22-05-2025
‘The American Game' Review: The Roots of Lacrosse
There are countless books that conflate the American character with various sports. To take two examples, consider Tom Stanton's 'Hank Aaron and the Home Run That Changed America' (2004), about the great slugger's record-breaking 715th dinger, and Sally Jenkins's 'The Real All Americans' (2007), about the Carlisle Indians football squad in the late 19th and early 20th centuries.
S.L. Price's 'The American Game' is about lacrosse, a sport that hasn't changed America but instead reflects changes in America. Once a niche pursuit, lacrosse is now a national passion—if not a national pastime—and Mr. Price makes a persuasive case that the sport is the true American game. Baseball and football can arguably trace roots to Great Britain (rounders and rugby). Lacrosse sprouted on North American soil.
'On the one hand it is the most spiritual sport on Earth, a religious practice fashioned by Indigenous Americans to honor their god, heal their ailing and play in their heaven,' Mr.

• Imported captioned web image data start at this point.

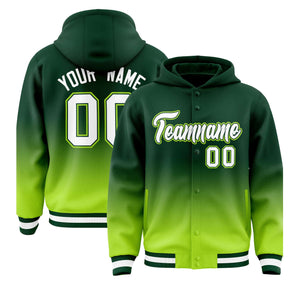 Custom Green Neon Green Varsity Full-Snap Letterman Gradient Hoodie Jacket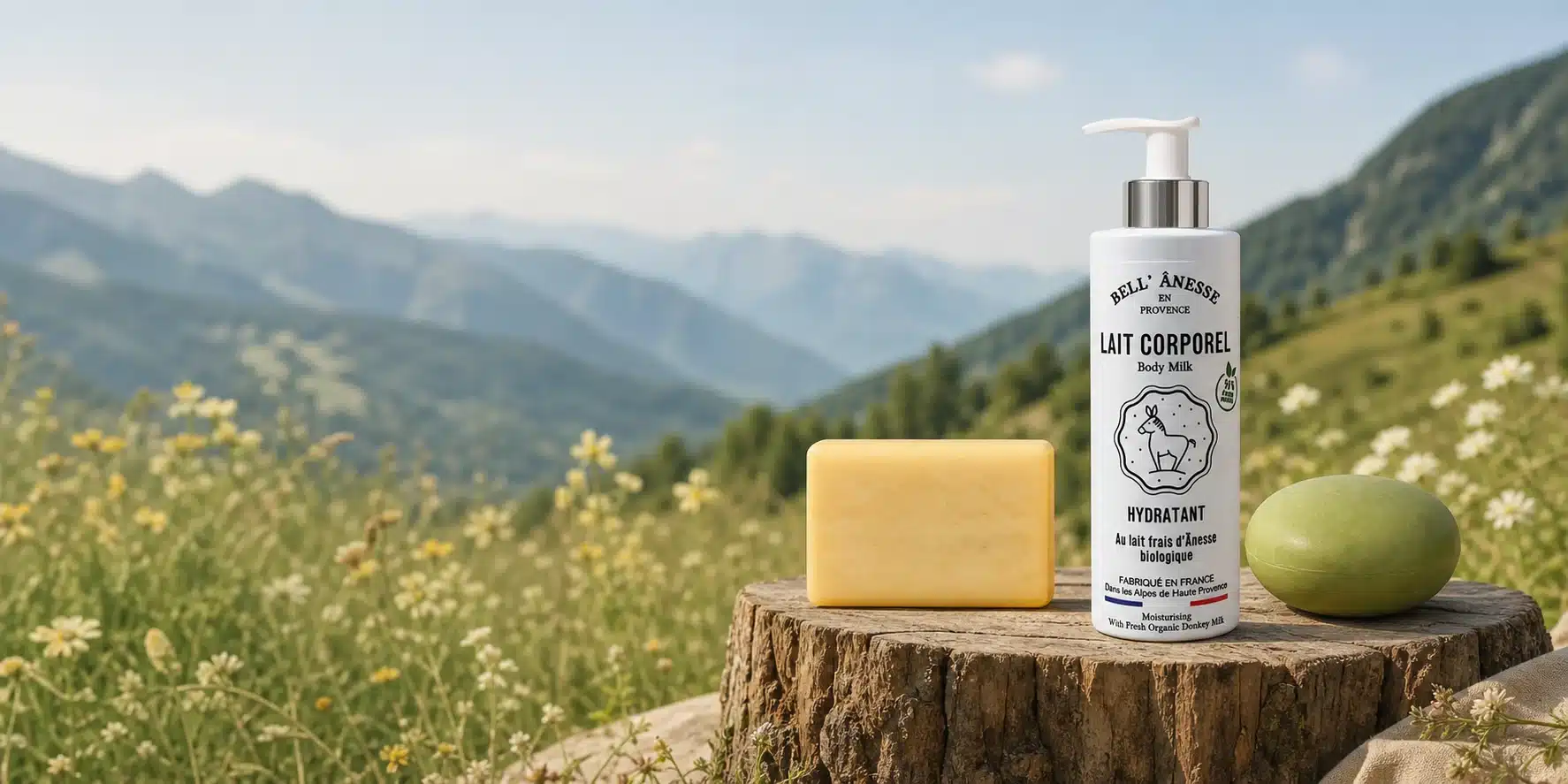 Savon, lait corporel au lait d'ânesse et shampoing solide dans les Pyrénées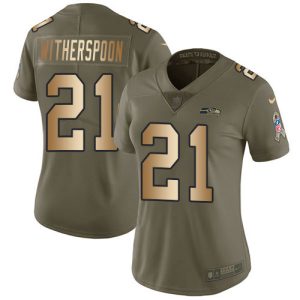 cheap Seahawks #21 Devon Witherspoon Olive/Gold Women's Stitched NFL Limited 2024 Salute To Service Jersey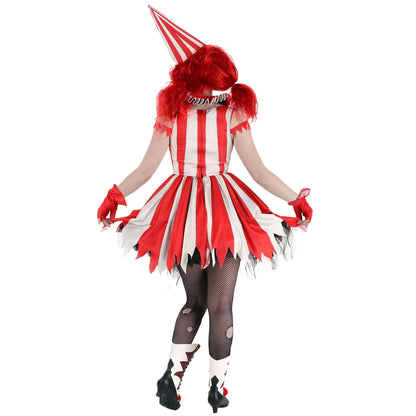 Clown Circus Vampire Blood Suits Halloween Happy Costume Party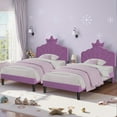 thumbnail image 6 of VECELO Twin Size Platform Bed Frame with Crown Headboard, Adjustable Height Upholstered Bed for Bedroom, No Box Spring Needed, Purple, 6 of 11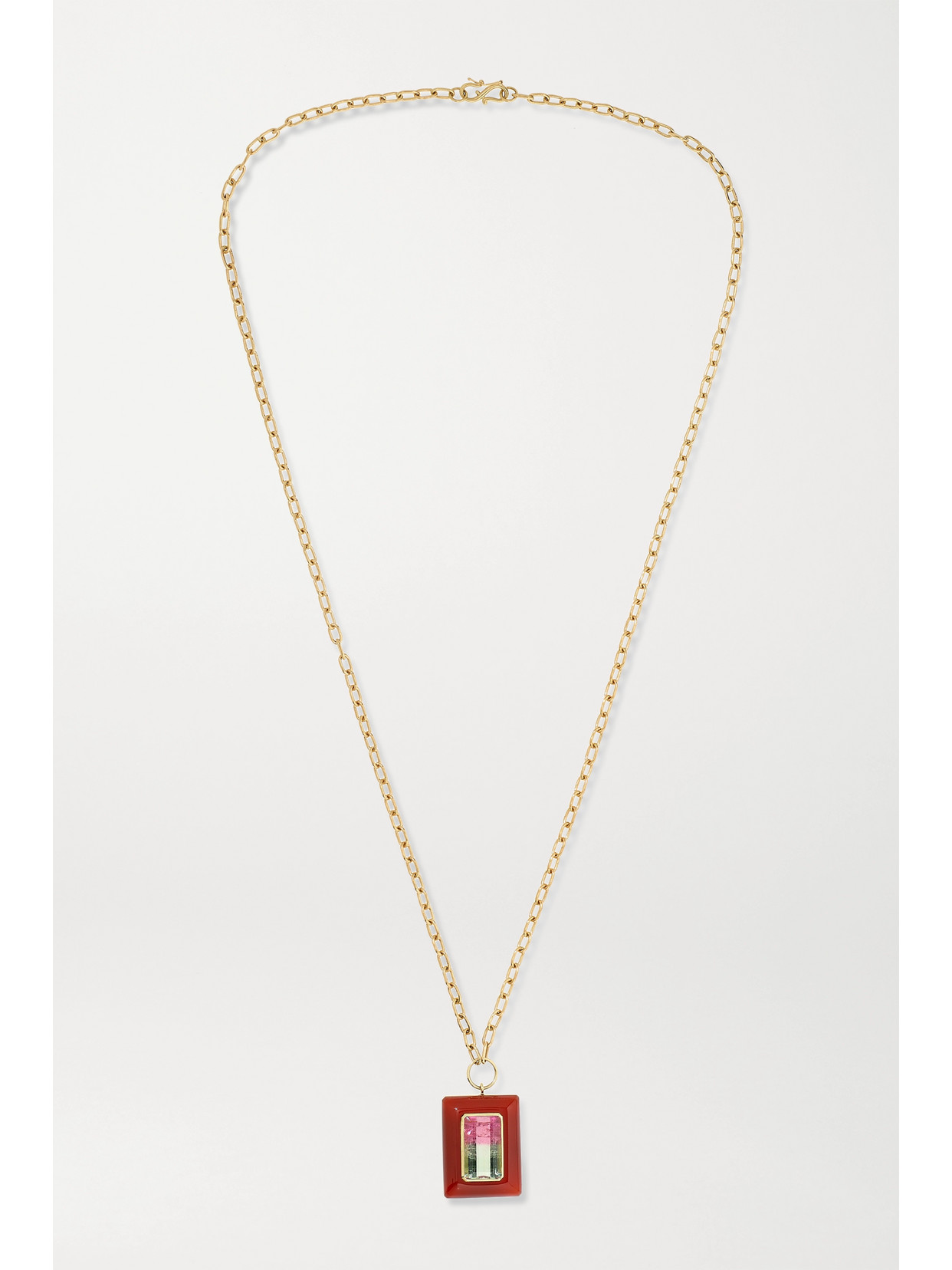 Retrouvaí - Lollipop 14-karat Gold, Carnelian And Tourmaline Necklace - one size 22 Awaiting product image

Price writes. 'On the other, it is the sport of Range Rovers and Vineyard Vines, a lifestyle with little on its mind beyond the right college, the next red cup of beer, and graduation into some slick-haired, big-money career.'
The conundrum at the center of Mr. Price's book and its ambitious title is how the word 'American' is defined. The author is not concerned with who won this collegiate championship or that international tournament. He explores the roots of lacrosse in the indigenous experience of North America before the continent acquired its name, and how the sport flourished on the huge landmass now home to the U.S. and Canada. Lacrosse is a complicated game. This is a complicated story.